╔══

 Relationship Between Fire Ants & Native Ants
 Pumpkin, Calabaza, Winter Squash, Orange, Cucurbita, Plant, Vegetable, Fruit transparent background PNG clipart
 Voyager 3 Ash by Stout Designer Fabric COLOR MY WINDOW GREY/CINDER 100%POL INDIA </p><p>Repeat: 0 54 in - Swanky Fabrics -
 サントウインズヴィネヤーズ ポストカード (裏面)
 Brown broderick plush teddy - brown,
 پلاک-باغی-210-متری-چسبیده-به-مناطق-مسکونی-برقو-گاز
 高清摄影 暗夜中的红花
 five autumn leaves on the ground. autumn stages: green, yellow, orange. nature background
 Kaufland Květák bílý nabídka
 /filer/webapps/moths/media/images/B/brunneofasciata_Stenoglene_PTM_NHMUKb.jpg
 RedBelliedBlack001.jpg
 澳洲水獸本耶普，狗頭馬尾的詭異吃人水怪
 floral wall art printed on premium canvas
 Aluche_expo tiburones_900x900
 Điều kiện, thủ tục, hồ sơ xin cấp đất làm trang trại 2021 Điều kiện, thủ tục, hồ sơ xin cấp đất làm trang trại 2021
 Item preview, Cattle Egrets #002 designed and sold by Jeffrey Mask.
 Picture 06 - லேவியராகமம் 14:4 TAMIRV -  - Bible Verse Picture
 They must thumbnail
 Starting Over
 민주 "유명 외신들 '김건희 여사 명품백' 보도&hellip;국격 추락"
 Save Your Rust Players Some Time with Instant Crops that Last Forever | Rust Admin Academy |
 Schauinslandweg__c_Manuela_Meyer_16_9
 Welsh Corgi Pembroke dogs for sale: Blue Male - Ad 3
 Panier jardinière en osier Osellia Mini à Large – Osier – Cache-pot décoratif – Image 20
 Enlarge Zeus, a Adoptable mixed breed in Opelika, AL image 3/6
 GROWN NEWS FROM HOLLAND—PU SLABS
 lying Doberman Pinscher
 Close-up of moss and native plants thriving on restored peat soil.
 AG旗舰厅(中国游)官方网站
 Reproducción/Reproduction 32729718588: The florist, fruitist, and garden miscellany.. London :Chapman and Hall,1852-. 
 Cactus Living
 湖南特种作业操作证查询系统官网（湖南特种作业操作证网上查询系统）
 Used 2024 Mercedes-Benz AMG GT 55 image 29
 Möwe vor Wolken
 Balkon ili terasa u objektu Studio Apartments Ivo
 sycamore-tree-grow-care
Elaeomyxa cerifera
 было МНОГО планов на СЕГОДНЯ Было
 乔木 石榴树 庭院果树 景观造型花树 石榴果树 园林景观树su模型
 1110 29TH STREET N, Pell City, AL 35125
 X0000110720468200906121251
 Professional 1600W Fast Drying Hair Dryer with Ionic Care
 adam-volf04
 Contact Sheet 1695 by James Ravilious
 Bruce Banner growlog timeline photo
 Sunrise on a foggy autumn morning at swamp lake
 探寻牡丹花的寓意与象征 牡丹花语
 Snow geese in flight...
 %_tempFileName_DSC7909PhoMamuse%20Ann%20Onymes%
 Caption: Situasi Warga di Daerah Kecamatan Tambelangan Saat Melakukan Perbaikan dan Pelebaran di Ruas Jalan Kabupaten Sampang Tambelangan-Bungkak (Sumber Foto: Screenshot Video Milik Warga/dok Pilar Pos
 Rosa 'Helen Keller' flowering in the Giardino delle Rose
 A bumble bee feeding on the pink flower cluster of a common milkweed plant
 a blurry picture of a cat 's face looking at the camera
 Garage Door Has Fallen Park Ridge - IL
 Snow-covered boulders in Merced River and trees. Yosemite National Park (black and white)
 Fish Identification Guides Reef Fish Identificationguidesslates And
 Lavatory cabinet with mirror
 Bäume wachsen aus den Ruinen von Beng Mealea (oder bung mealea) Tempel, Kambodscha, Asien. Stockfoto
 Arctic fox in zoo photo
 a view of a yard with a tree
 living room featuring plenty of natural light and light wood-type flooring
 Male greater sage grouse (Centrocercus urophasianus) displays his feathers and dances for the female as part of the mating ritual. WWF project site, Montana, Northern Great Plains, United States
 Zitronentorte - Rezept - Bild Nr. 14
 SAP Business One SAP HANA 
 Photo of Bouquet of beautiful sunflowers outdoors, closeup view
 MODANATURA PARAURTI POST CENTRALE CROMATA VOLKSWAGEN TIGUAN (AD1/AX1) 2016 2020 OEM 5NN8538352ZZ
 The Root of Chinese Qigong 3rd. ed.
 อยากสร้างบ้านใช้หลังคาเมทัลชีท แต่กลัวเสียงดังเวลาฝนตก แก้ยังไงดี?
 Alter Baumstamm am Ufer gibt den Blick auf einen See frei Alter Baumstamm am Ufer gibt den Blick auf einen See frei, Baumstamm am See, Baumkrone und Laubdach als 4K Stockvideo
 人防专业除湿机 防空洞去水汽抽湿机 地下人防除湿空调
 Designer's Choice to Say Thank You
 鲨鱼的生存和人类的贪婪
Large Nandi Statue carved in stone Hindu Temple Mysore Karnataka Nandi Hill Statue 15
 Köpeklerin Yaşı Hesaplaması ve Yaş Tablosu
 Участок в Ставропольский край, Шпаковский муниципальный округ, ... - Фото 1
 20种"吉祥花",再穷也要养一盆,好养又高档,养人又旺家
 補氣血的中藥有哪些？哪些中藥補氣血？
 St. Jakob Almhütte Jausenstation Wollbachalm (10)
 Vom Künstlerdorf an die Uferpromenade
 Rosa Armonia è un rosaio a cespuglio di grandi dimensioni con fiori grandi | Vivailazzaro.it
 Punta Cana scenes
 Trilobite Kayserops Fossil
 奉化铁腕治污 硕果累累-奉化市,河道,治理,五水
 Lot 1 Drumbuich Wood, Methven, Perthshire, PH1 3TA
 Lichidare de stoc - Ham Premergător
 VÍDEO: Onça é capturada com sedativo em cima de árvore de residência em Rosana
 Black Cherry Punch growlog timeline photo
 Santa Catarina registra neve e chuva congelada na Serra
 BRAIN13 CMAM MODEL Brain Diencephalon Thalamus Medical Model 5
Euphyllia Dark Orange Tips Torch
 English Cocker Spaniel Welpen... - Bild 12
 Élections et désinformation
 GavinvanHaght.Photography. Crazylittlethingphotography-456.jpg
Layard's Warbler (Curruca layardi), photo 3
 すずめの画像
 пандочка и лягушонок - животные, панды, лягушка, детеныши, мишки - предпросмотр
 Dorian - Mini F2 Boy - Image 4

╚══

*EXERCISE*. Your job is to return all lines above that hold the word "Mini".

*FINISHED EXERCISE*.
 Panier jardinière en osier Osellia Mini à Large – Osier – Cache-pot décoratif – Image 20
 Dorian - Mini F2 Boy - Image 4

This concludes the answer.